FLOATING TECHNOLOGY: Challenges in obtaining long life from floating producer coatings

Why coatings vary across hull

Th 78670
Th 78670
Long life coating systems are required to keep FPSOs clean from marine life for years.
Click here to enlarge image

During recent years, the use of floating production systems (FPS) has increased considerably. This development was driven by the development of deepwater oil and gas fields, where seabed-fixed structures were not possible, and the need for lower initial investment to make smaller oil fields more economic.

One type of FPS is the FPSO (floating production, storage, and offloading) unit. These units are the most versatile of the FPS and now dominate the deepwater offshore. With the emergence of these units, the marine paint industry faces a significant challenge.

Once on station, these units cannot be moved for regular drydocking. The production loss and disruption and other costs such as suspending the well dictate the need for long life systems - up to 20+ years. Also, the possibility of doing maintenance onsite, especially in inaccessible areas such as tanks that are in continuous use, is very limited. Thus, hull and facility coatings must be done right the first time.

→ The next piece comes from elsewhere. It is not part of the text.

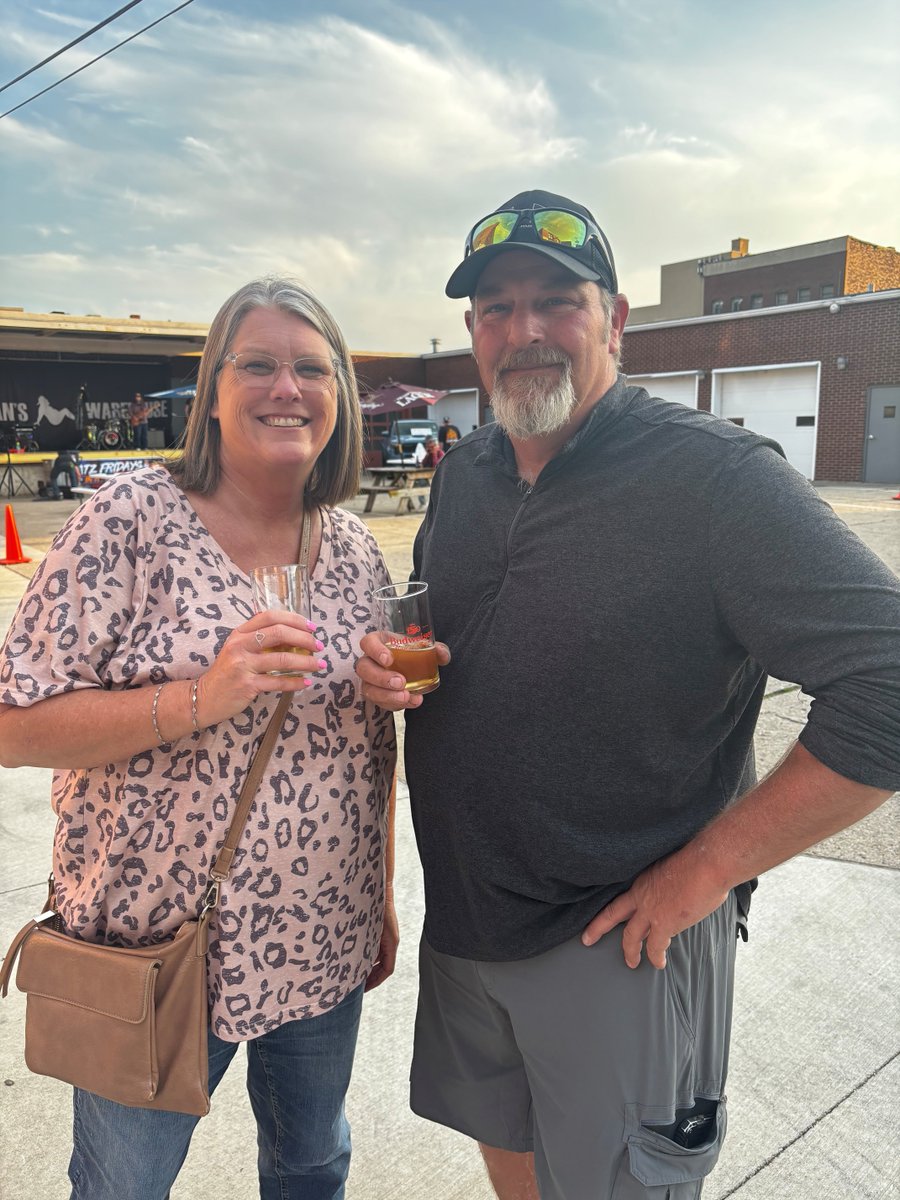 skeffdist's tweet photo. Good vibes, cold beer, and fresh Budweiser 🍻
Cheers to 150 years of Budweiser! Here’s a look at our Day Fresh promo — thanks to everyone who came out and made it a great time!
#SkeffDist #Budweiser https://t.co/c0kP0JHKwY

We can identify a few key areas of an FPSO that have typical requirements:

  • Underwater area on outside hull: The key for coatings in this area is abrasion resistance to ensure long life protection. Anti-corrosive systems for this area are normally pure epoxy coatings (sometimes with glass-flake added for additional abrasion resistance). New developments for this area are solvent-free epoxy coatings that also provide excellent protection against wear and tear. The need for an antifouling system is dependent on the location where the unit will be stationed. If this is in cold water areas, such as the North Atlantic, there is no real need as fouling activity is very low. However, if it is to operate in tropical or sub-tropical waters, there is a need for antifoulings to ensure a clean hull, which facilitates easier underwater hull surveys later. This need can be met with TBT-free, high active self-polishing antifoulings. Also, a small but important part is the sea water inlets. These can best be coated with latest generation silicone-based antifoulings, which work by offering too slippery a surface for attachment by fouling organisms.
  • Outside hull above water area: Here, the anti-abrasion properties of the coating are most important. Therefore, pure epoxy-based coatings are normally specified in this area.
  • Ballast tanks: The long life time requirements for this area can only be met with either pure epoxy coatings or solvent free epoxy coatings. Whereas, the pure epoxies are normally used in newbuildings, the solvent-free coatings are mainly used in conversions. The reason for this is that, in case of conversions, the steel always will show a level of deterioration. If this deterioration (loss in steel plate thickness due to corrosion) is too much, the steel would have to be replaced. However, if steel plate thickness is still acceptable, there can still be a high level of pitting in the steel. This normally cannot be covered by conventional (modified) epoxy paints, as the film thickness achieved is not high enough to sufficiently fill all of the pits. Also, modified epoxies will age and break down quicker than pure epoxies. This phenomenon will then lead to pitting corrosion and may ultimately lead to structural failure if not repaired in time. Therefore, solvent-free coatings should be used in this particular case, similar to those produced by Sigma Coatings.
  • Cargo tanks: These are typically coated only on the tank bottom, about one meter up on the sides, at the deck-head, and about two meters down the sides. In general, the principal considerations in coating these areas are the same as in ballast tanks, so the same coating systems should be applied here. Since the cargo tanks on an FPSO can have diverse cargoes ( for example, hot crude oil in receiving tanks, processed oil or separated water from oil in storage tanks, and oil/well treatment chemicals in other tanks) and temperatures can vary enormously, it may be necessary to adjust systems to cater for these extraordinary cargoes and circumstances, on a case by case (or tank by tank) basis.
  • Decks: This area is subject to many factors influencing the coatings system - traffic of people and machines, heat exposure from the sun, spillage of chemicals and oil, and other influences. Therefore, a highly abrasion-resistant system with a certain level of chemical resistance is needed here. These consist of epoxies with polyurethane finish coats.

In general, it can be said that due to the long coating system performance needs for these FPSO units, only the top-of-the-line systems will fulfill this requirement. In terms of coatings, this means that on critical areas as mentioned above only pure epoxies or solvent-free coatings will perform adequately. The use of modified epoxy coatings should therefore be avoided, as they do not have the long life characteristics.